Les espaces communautaires peuvent constituer pour les populations LGBTI et Queer un lieu d’échanges, ressources et réflexions, à l’écart – dans une certaine mesure toutefois – des conflits avec un ordre social LGBTphobe, tel qu’il en a été question dans le précédent panel de ce colloque. Cette communauté prend appuie sur différentes structures – tantôt associatives, tantôt médiatiques, institutionnelles, ou encore informelles. Les chercheurs et chercheuses convié·e·s à ce quatrième et dernier panel de notre conférence interrogent ainsi différentes modalités constitutives des espaces communautaires LGBTI et Queer.

Manon Pagé, doctorante à la Johns Hopkins University, nous propose tout d’abord de retourner pour un temps aux années 1970 afin d’interroger, dans une perspective transatlantique, les interactions entre mouvements féministes et lesbiens. Si la communauté prend parfois des airs d’espace restreint, cette communication souligne toutefois l’existence d’objets médiatiques et littéraires servant d’appui à des échanges et transferts culturels internationaux.

Davantage ancrée dans la scène contemporaine, la communication de Charlotte Kaiser, doctorante à l’ITRG-Diversity de Trèves, est consacrée aux usages des réseaux socio-numériques dans la formation de contre-publics queer. En se penchant sur l’initiative du forum participatif « Queering the Map », Charlotte Kaiser propose également une intéressante réflexion sur la manière dont le web souligne l’existence de communautés queer dans l’espace urbain.

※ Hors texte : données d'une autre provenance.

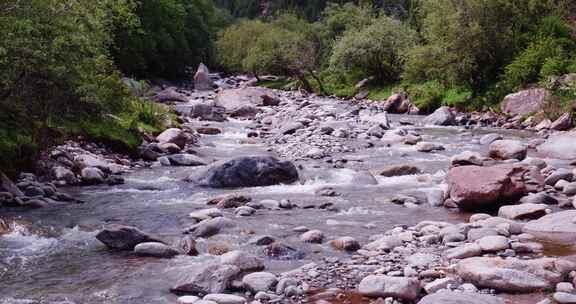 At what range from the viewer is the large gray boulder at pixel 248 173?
61.2 ft

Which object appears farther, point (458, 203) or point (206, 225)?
point (458, 203)

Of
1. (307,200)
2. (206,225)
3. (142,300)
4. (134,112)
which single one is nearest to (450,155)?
(307,200)

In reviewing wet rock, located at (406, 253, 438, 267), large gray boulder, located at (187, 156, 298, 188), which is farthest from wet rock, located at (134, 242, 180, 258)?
large gray boulder, located at (187, 156, 298, 188)

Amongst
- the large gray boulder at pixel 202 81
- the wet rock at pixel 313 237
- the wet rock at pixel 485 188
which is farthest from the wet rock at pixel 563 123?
the large gray boulder at pixel 202 81

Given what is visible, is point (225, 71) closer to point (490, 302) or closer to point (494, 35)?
point (494, 35)

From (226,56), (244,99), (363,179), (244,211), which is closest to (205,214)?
(244,211)

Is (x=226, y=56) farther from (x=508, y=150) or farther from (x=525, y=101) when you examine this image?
(x=508, y=150)

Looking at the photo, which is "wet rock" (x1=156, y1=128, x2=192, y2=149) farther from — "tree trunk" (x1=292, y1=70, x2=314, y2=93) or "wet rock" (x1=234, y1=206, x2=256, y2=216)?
"tree trunk" (x1=292, y1=70, x2=314, y2=93)

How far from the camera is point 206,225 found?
43.8 feet

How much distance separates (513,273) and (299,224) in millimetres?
5731

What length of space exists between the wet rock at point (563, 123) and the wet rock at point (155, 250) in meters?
19.5

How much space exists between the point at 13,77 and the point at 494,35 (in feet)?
92.2

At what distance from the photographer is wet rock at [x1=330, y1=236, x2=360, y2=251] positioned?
11883 mm

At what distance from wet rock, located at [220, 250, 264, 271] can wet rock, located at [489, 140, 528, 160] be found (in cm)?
1283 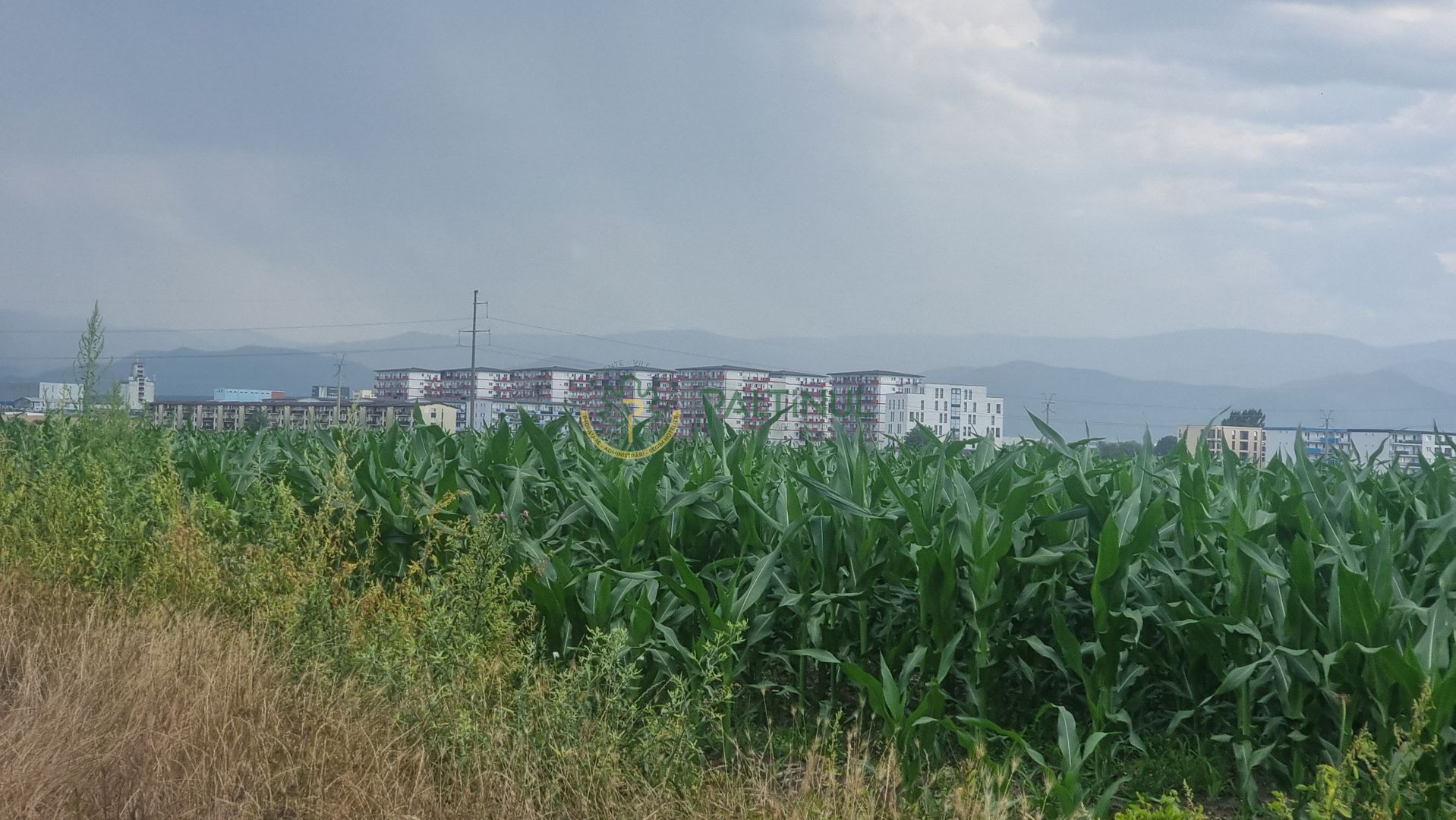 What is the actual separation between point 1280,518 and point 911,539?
124 centimetres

Noah Wourlod, masterant à l’EHESS, s’intéresse quant à lui aux modalités de gestion de conflit dans la communauté trans en France. Il en questionne les codes et les discours afin de poser les limites d’une organisation communautaire prétendant à l’« inclusivité ». Par ce biais, il ouvre une réflexion sur d’autres modèles de politiques anti-discriminations, lesquelles permettraient de penser l’inclusion effective des groupes les plus marginalisés.

Enfin, Arthur Ségard, doctorant à la NYU, nous offre une analyse comparée du film Les Garçons Sauvages de Bertrand Mandico et du recueil de poèmes Aux Enfants Perdu·e·s de Sam Rey. Inscrivant ses analyses dans le concept foucaldien d’hétérotopie, il nous montre comment des œuvres de fiction participent aussi à la formation « d’autres espaces » qui viennent à leur tour subvertir les normes sociales du genre telles que nous les connaissons.

Ce que démontrent finalement ces quatre communications, c’est la multiplicité des modèles communautaires qui parcourent les mouvements LGBTI et Queer. De cette manière, ce panel pose un regard critique sur les formules réductrices désignant « la » communauté LGBTIQ comme une instance unique, dont il demeure impossible de saisir les caractéristiques.

Louise Barrière.

Community sometimes provides LGBTI and Queer people with spaces outside of an LGBTphobic social order – as analysed in the previous panel. There, they meet, talk, and exchange useful resources. Such a community draws on various forms of collective organisation: associations, media, institutional and informal groups, … The four papers presented in our fourth and last panel question how LGBTI and Queer people frame their sense of community.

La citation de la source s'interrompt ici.